Our studies show a direct interaction of cathepsin B with Nlrc4 and Asc. Inhibition of cathepsin B4 prevents activation of the inflammasome and the release of IL-1β upon S. aureus α-toxin treatment. This suggests that limited cleavage of components of the inflammasome by cathepsin B activates the inflammasome and mediates the release of pro-inflammatory cytokines. In contrast to cathepsin B, we did not detect a S. aureus α-toxin-triggered association of cathepsin D with components of the inflammasome. Further, inhibition of cathepsin B was sufficient to prevent activation of the inflammasome by S. aureus α-toxin. Thus, the release of cathepsin D does not seem to result primarily in activation of the inflammasome and the cellular consequences mediated by the release of cathepsin D from lysosomes into the cytoplasm upon treatment of macrophages with S. aureus α-toxin require further studies.

The formation of TNF-α was also dependent on expression of the acid sphingomyelinase and reduced in cells lacking the acid sphingomyelinase or treated with amitriptyline. However, the formation of TNF-α after α-toxin-treatment was independent of cathepsin B indicating that the acid sphingomyelinase couples to several independent pathways regulating inflammation.

Our studies further show that genetic deficiency of the acid sphingomyelinase or treatment of WT macrophages with amitriptyline reduces the formation of IL-1β by approximately 50%, while the release of IL-1β from macrophages is completely prevented by genetic or pharmacological blockade of the acid sphingomyelinase. This indicates a dual role of the acid sphingomyelinase, which is important for intracellular formation of IL-1β and absolutely essential for the release of IL-1β from macrophages into the cell culture supernatant.
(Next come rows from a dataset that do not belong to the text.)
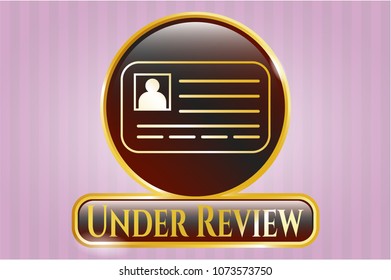   Gold emblem with identification card icon and Under Review text inside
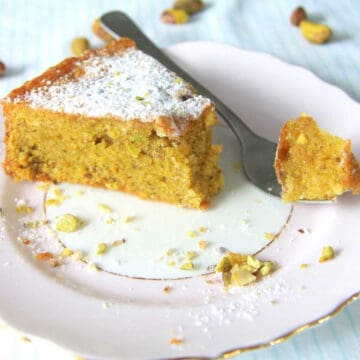Moist as ever Pistachio cake slice on a plate with a fork.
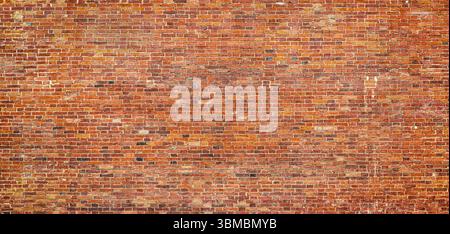 loft brick wall made of crumbling cobblestones, brickwork as background Stock Photo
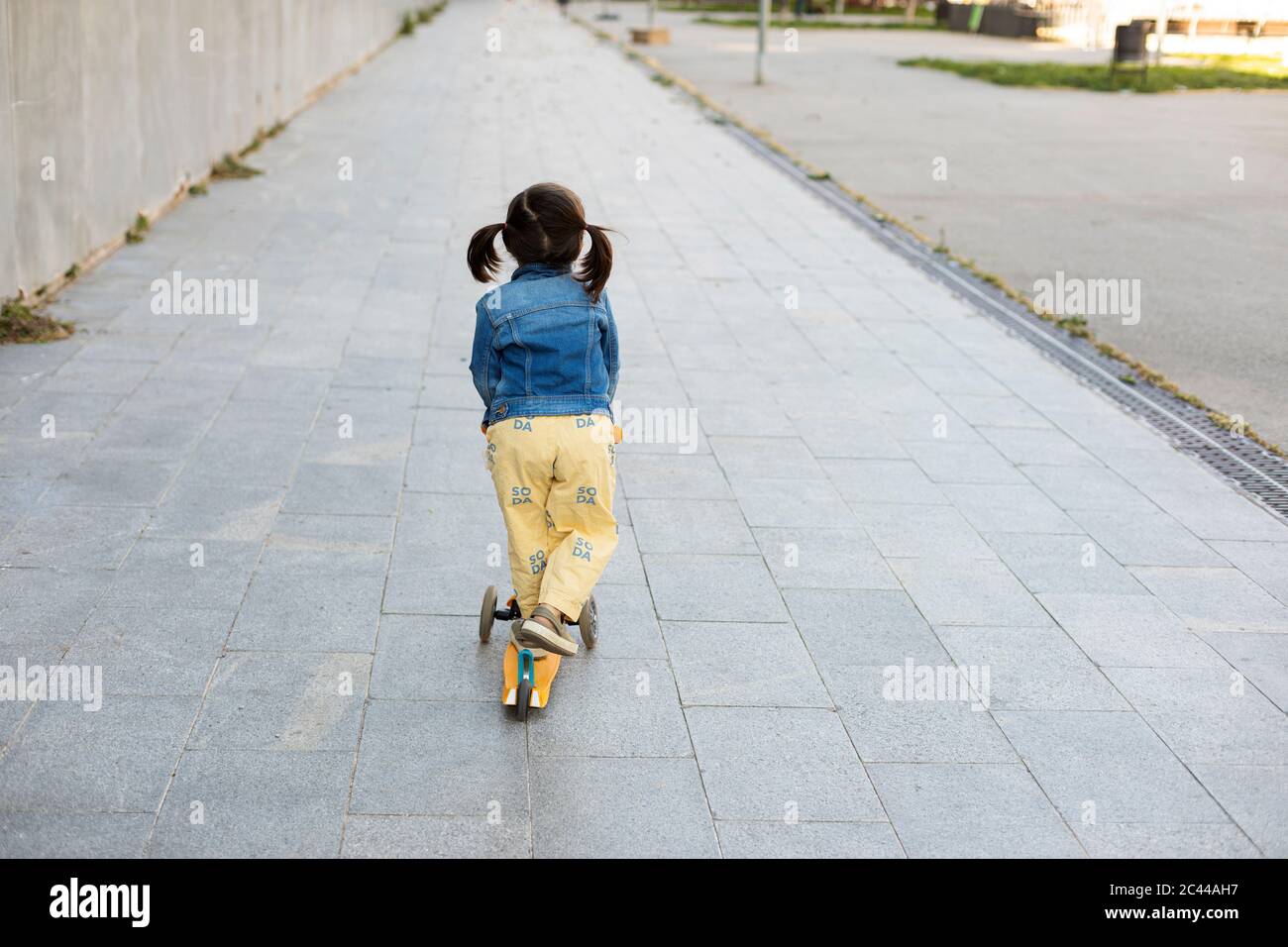 Back view of little girl with scooter on pavement Stock Photo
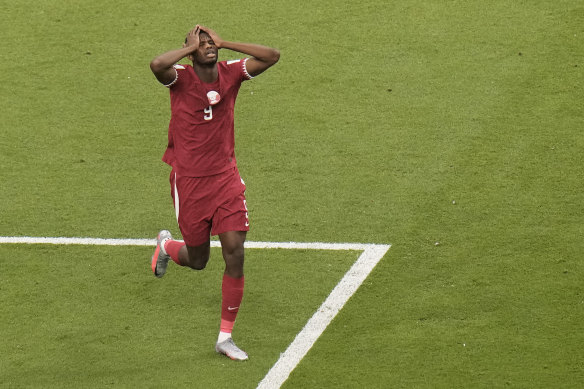 Qatar’s Mohammed Muntari reacts during the World Cup group A soccer match against Ecuador.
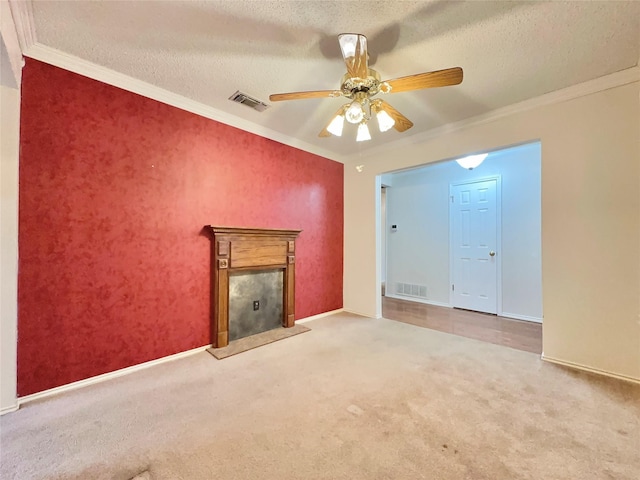 unfurnished living room featuring ceiling fan, crown molding, a textured ceiling, and carpet flooring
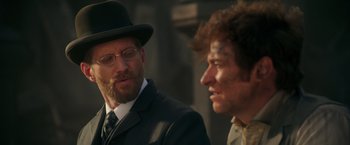 Movie still from “The Greatest Showman” (2017), directed by Michael Gracey – A man in a suit and a hat talking to another man in a suit; Close Up shot, Over the shoulder angle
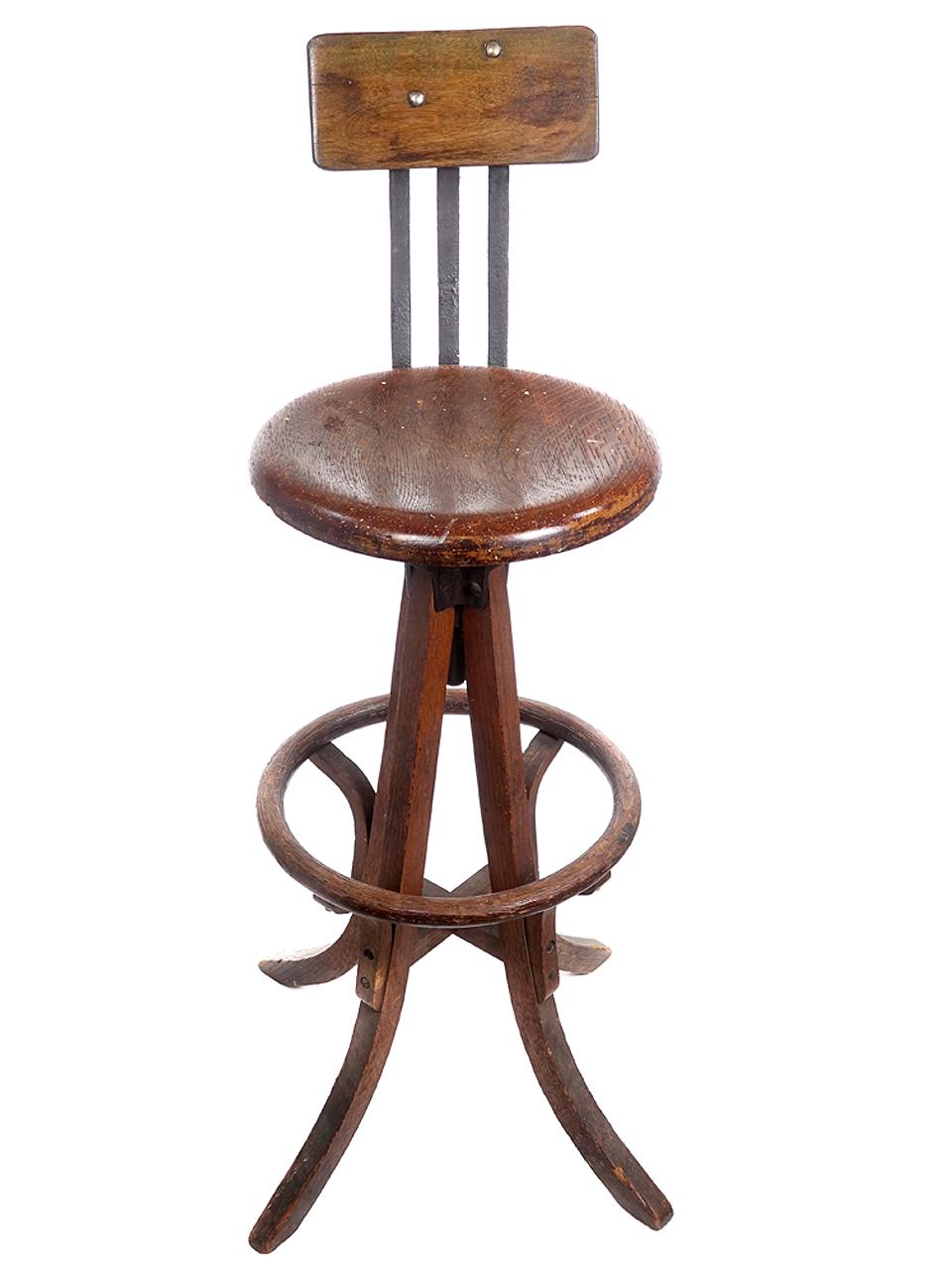 This is a beautiful single painters or draftsman's swivel stool. The back is oak and cast iron with a bentwood footrest. It has a nice old patina.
In summary, our studies indicate a novel signaling pathway how S. aureus α-toxin mediates activation of the inflammasome in macrophages: We demonstrate that the toxin activates the acid sphingomyelinase and triggers a formation of ceramides in lysosomes of bone marrow-derived macrophages. Activation of the acid sphingomyelinase/ceramide pathway results in release of cathepsin B from lysosomes that associates with Nlrc4 and Asc and mediates an activation of the inflammasome finally resulting in formation and release of IL-1β. Activation of the acid sphingomyelinase by α-toxin also triggers formation and release of TNF-α, which is independent of cathepsin B. These data link the lysosomal acid sphingomyelinase/ceramide system to the regulation of cytokines that are central for the regulation of inflammation in many human diseases.

The study was supported by the GRK 2098 to KBF and EG, DFG grant GU 335/33-1 to EG and FOR 2123 (project 6) to MF.

The authors declare to have no conflicts.